● **EXERCISE AIM**
Set down the first line below and each line after it, ending with the one that holds "ALDH6A1 Antibody in". Pictures do not belong in the copy.

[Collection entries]
----------
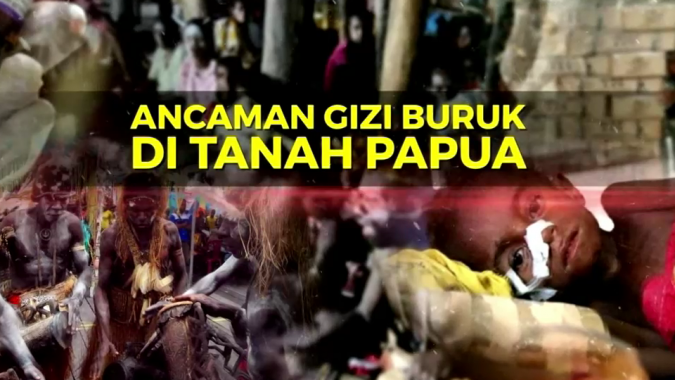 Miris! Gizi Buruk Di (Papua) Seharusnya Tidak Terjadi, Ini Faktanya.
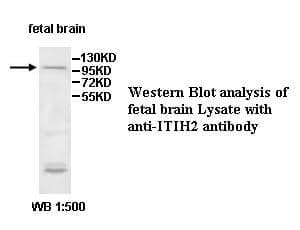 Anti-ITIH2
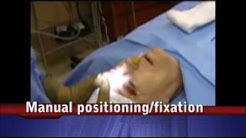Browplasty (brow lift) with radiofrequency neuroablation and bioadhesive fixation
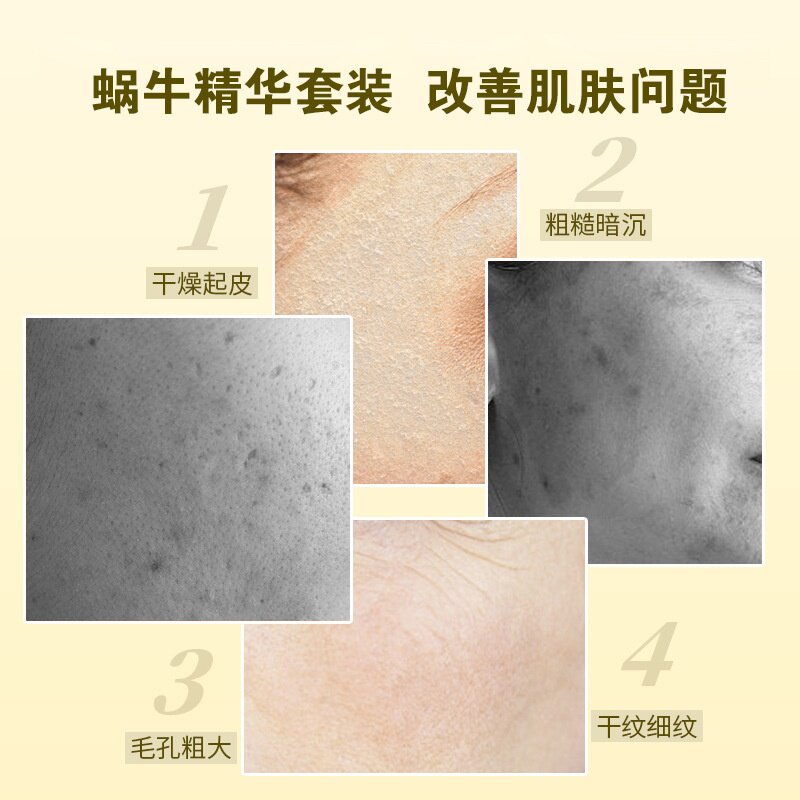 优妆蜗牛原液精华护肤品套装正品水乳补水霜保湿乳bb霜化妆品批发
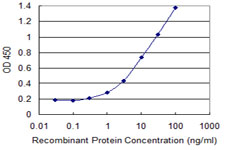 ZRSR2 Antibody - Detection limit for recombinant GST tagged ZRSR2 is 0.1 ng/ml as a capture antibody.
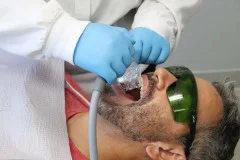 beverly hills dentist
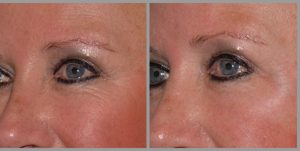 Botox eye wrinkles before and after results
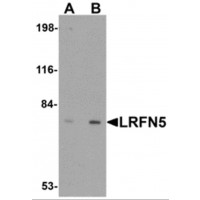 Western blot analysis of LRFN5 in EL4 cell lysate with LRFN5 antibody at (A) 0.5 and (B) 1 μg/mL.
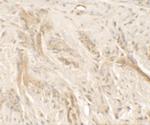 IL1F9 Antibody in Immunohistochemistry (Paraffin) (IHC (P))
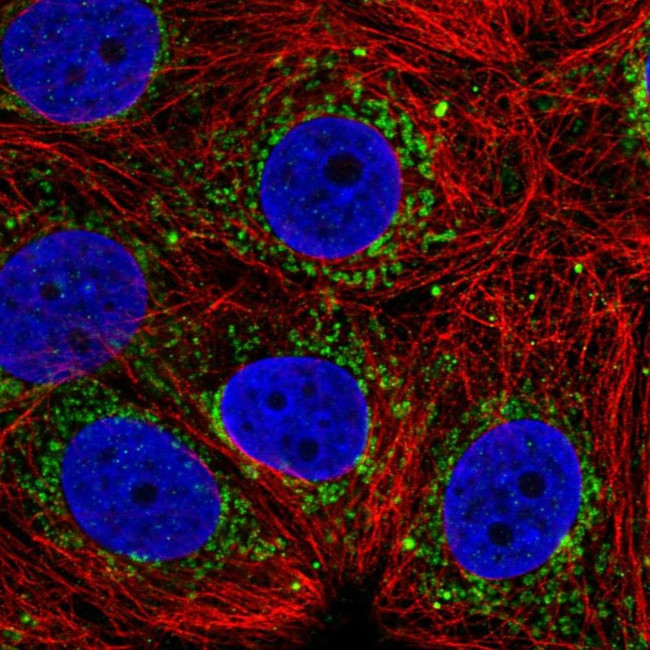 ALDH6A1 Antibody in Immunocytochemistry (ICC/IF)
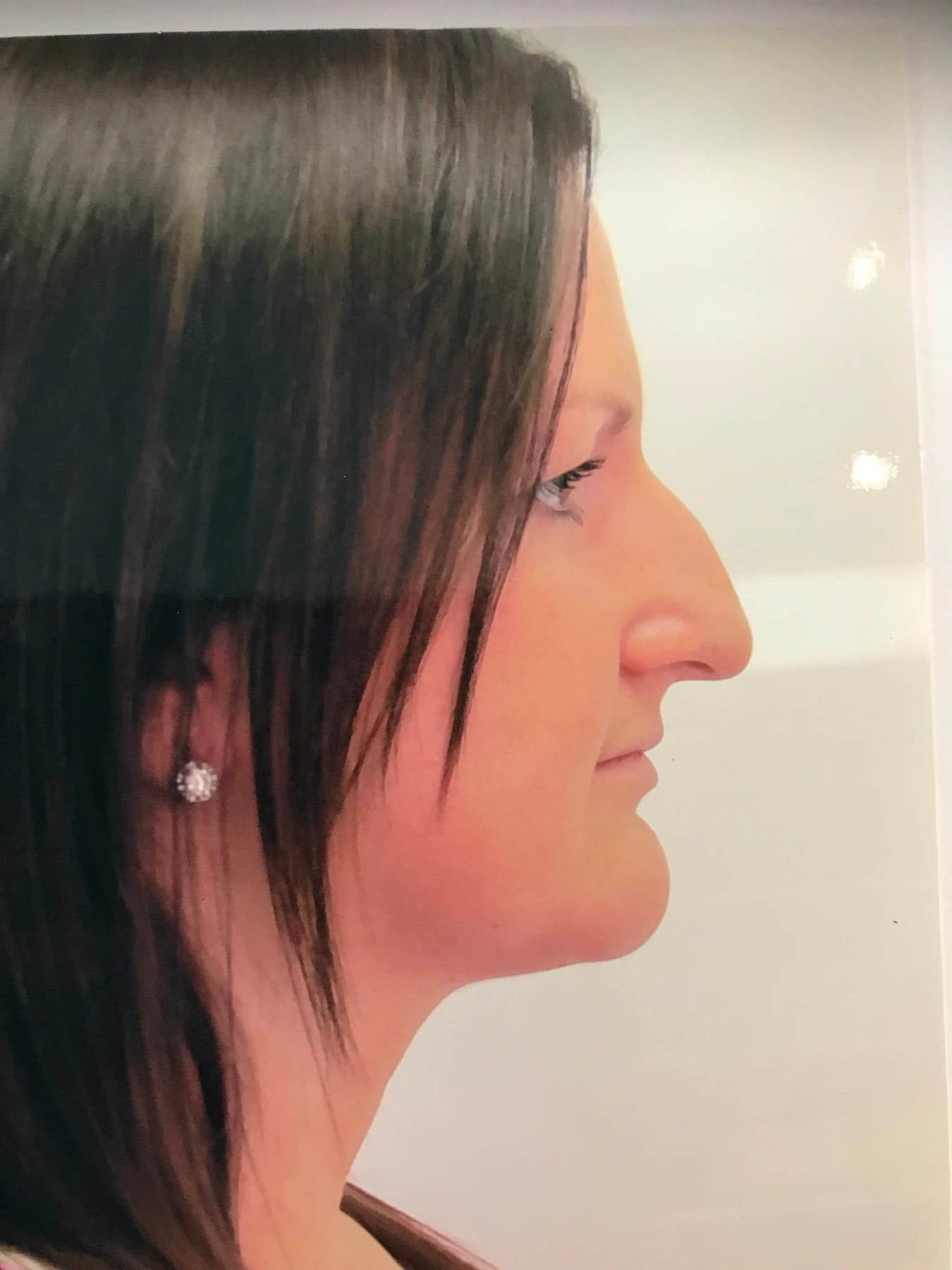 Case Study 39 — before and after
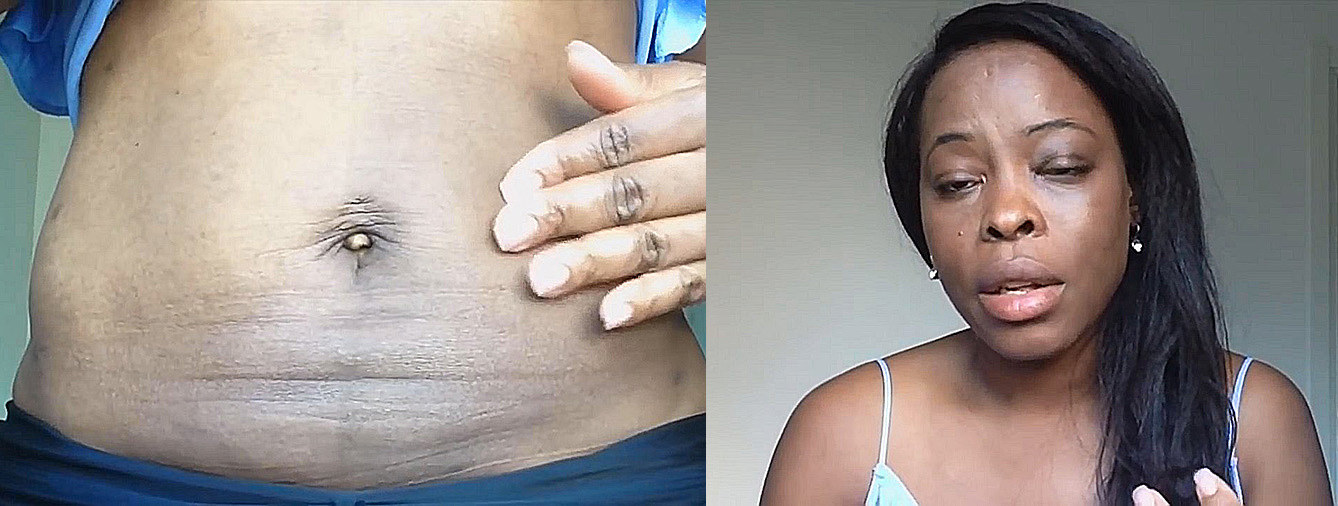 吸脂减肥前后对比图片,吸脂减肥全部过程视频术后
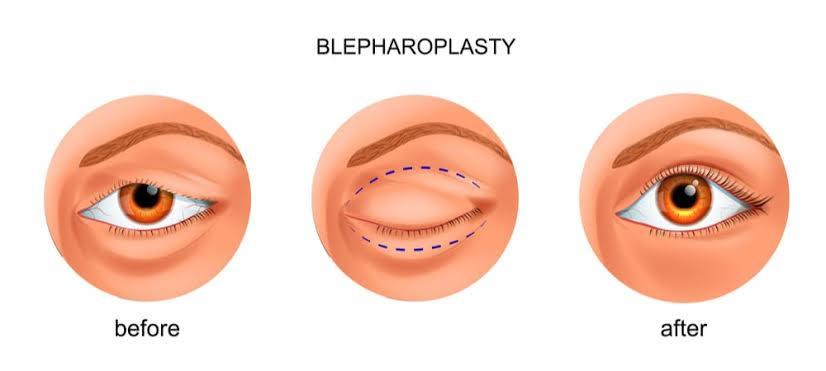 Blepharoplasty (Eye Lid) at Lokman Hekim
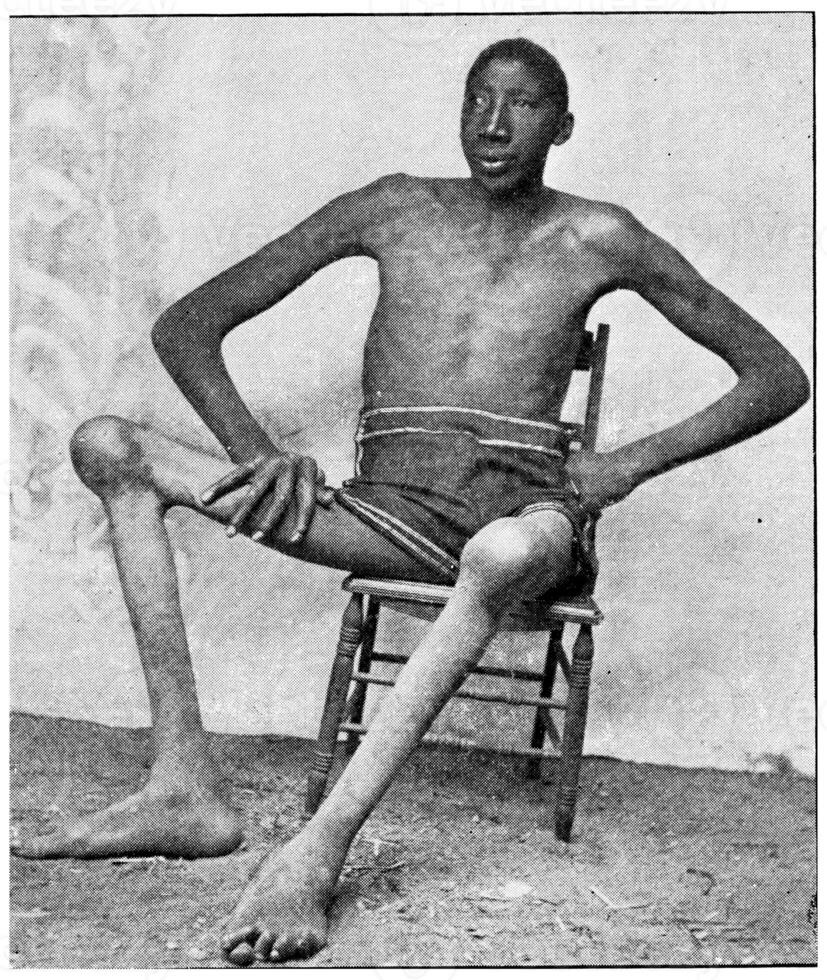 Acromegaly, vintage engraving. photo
----------
● **ANSWER TO THE EXERCISE**
 Miris! Gizi Buruk Di (Papua) Seharusnya Tidak Terjadi, Ini Faktanya.
 Anti-ITIH2
Browplasty (brow lift) with radiofrequency neuroablation and bioadhesive fixation
 优妆蜗牛原液精华护肤品套装正品水乳补水霜保湿乳bb霜化妆品批发
 ZRSR2 Antibody - Detection limit for recombinant GST tagged ZRSR2 is 0.1 ng/ml as a capture antibody.
 beverly hills dentist
 Botox eye wrinkles before and after results
 Western blot analysis of LRFN5 in EL4 cell lysate with LRFN5 antibody at (A) 0.5 and (B) 1 μg/mL.
 IL1F9 Antibody in Immunohistochemistry (Paraffin) (IHC (P))
 ALDH6A1 Antibody in Immunocytochemistry (ICC/IF)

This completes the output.